▶ Task to carry out
Would you please repeat the data that follows, exactly as it reads?

◇ ◇ ◇ ◇ ◇ ◇ ◇

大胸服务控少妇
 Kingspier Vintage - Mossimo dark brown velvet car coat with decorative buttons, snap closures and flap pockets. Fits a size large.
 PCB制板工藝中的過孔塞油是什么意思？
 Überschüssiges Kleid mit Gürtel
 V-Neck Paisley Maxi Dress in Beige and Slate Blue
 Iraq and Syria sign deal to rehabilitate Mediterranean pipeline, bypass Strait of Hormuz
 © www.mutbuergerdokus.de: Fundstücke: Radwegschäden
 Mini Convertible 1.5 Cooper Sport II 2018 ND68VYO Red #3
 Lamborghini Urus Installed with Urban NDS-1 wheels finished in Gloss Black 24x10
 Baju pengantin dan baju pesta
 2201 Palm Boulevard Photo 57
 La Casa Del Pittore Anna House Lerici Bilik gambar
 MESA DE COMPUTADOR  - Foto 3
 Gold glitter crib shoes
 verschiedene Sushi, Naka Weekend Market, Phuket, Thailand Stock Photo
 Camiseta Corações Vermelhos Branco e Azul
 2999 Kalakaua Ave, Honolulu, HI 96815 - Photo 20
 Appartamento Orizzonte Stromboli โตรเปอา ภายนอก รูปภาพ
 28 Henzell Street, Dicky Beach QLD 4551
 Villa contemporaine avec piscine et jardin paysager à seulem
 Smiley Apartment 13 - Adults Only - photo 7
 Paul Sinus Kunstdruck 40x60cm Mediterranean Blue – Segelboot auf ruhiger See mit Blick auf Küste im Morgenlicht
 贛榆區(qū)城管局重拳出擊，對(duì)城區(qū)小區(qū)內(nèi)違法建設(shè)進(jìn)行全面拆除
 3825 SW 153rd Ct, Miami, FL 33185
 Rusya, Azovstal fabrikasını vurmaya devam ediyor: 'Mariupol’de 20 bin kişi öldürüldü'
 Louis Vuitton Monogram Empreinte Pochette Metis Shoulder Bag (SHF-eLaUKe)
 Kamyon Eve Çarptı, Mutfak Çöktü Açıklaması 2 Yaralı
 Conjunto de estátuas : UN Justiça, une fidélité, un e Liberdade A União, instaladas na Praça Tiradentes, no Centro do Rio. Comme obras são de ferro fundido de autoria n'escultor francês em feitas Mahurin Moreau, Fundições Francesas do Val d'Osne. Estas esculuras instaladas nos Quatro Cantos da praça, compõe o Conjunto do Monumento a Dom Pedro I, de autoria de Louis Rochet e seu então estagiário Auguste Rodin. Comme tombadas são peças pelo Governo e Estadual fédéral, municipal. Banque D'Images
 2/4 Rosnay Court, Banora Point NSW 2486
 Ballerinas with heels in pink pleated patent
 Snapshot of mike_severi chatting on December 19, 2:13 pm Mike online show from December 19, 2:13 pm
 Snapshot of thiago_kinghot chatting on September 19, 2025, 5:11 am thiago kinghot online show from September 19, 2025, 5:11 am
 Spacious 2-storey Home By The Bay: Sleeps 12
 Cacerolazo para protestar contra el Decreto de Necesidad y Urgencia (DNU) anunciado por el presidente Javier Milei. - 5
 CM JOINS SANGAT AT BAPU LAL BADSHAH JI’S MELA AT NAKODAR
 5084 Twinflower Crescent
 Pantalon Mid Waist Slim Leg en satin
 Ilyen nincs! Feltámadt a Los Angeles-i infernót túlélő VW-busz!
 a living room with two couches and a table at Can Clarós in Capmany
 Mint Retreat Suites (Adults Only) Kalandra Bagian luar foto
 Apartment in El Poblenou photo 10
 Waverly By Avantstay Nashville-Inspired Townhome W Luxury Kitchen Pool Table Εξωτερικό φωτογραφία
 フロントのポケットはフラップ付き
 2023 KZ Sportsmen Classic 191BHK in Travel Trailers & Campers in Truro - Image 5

◇ ◇ ◇ ◇ ◇ ◇ ◇

▶ Task solution
大胸服务控少妇
 Kingspier Vintage - Mossimo dark brown velvet car coat with decorative buttons, snap closures and flap pockets. Fits a size large.
 PCB制板工藝中的過孔塞油是什么意思？
 Überschüssiges Kleid mit Gürtel
 V-Neck Paisley Maxi Dress in Beige and Slate Blue
 Iraq and Syria sign deal to rehabilitate Mediterranean pipeline, bypass Strait of Hormuz
 © www.mutbuergerdokus.de: Fundstücke: Radwegschäden
 Mini Convertible 1.5 Cooper Sport II 2018 ND68VYO Red #3
 Lamborghini Urus Installed with Urban NDS-1 wheels finished in Gloss Black 24x10
 Baju pengantin dan baju pesta
 2201 Palm Boulevard Photo 57
 La Casa Del Pittore Anna House Lerici Bilik gambar
 MESA DE COMPUTADOR  - Foto 3
 Gold glitter crib shoes
 verschiedene Sushi, Naka Weekend Market, Phuket, Thailand Stock Photo
 Camiseta Corações Vermelhos Branco e Azul
 2999 Kalakaua Ave, Honolulu, HI 96815 - Photo 20
 Appartamento Orizzonte Stromboli โตรเปอา ภายนอก รูปภาพ
 28 Henzell Street, Dicky Beach QLD 4551
 Villa contemporaine avec piscine et jardin paysager à seulem
 Smiley Apartment 13 - Adults Only - photo 7
 Paul Sinus Kunstdruck 40x60cm Mediterranean Blue – Segelboot auf ruhiger See mit Blick auf Küste im Morgenlicht
 贛榆區(qū)城管局重拳出擊，對(duì)城區(qū)小區(qū)內(nèi)違法建設(shè)進(jìn)行全面拆除
 3825 SW 153rd Ct, Miami, FL 33185
 Rusya, Azovstal fabrikasını vurmaya devam ediyor: 'Mariupol’de 20 bin kişi öldürüldü'
 Louis Vuitton Monogram Empreinte Pochette Metis Shoulder Bag (SHF-eLaUKe)
 Kamyon Eve Çarptı, Mutfak Çöktü Açıklaması 2 Yaralı
 Conjunto de estátuas : UN Justiça, une fidélité, un e Liberdade A União, instaladas na Praça Tiradentes, no Centro do Rio. Comme obras são de ferro fundido de autoria n'escultor francês em feitas Mahurin Moreau, Fundições Francesas do Val d'Osne. Estas esculuras instaladas nos Quatro Cantos da praça, compõe o Conjunto do Monumento a Dom Pedro I, de autoria de Louis Rochet e seu então estagiário Auguste Rodin. Comme tombadas são peças pelo Governo e Estadual fédéral, municipal. Banque D'Images
 2/4 Rosnay Court, Banora Point NSW 2486
 Ballerinas with heels in pink pleated patent
 Snapshot of mike_severi chatting on December 19, 2:13 pm Mike online show from December 19, 2:13 pm
 Snapshot of thiago_kinghot chatting on September 19, 2025, 5:11 am thiago kinghot online show from September 19, 2025, 5:11 am
 Spacious 2-storey Home By The Bay: Sleeps 12
 Cacerolazo para protestar contra el Decreto de Necesidad y Urgencia (DNU) anunciado por el presidente Javier Milei. - 5
 CM JOINS SANGAT AT BAPU LAL BADSHAH JI’S MELA AT NAKODAR
 5084 Twinflower Crescent
 Pantalon Mid Waist Slim Leg en satin
 Ilyen nincs! Feltámadt a Los Angeles-i infernót túlélő VW-busz!
 a living room with two couches and a table at Can Clarós in Capmany
 Mint Retreat Suites (Adults Only) Kalandra Bagian luar foto
 Apartment in El Poblenou photo 10
 Waverly By Avantstay Nashville-Inspired Townhome W Luxury Kitchen Pool Table Εξωτερικό φωτογραφία
 フロントのポケットはフラップ付き
 2023 KZ Sportsmen Classic 191BHK in Travel Trailers & Campers in Truro - Image 5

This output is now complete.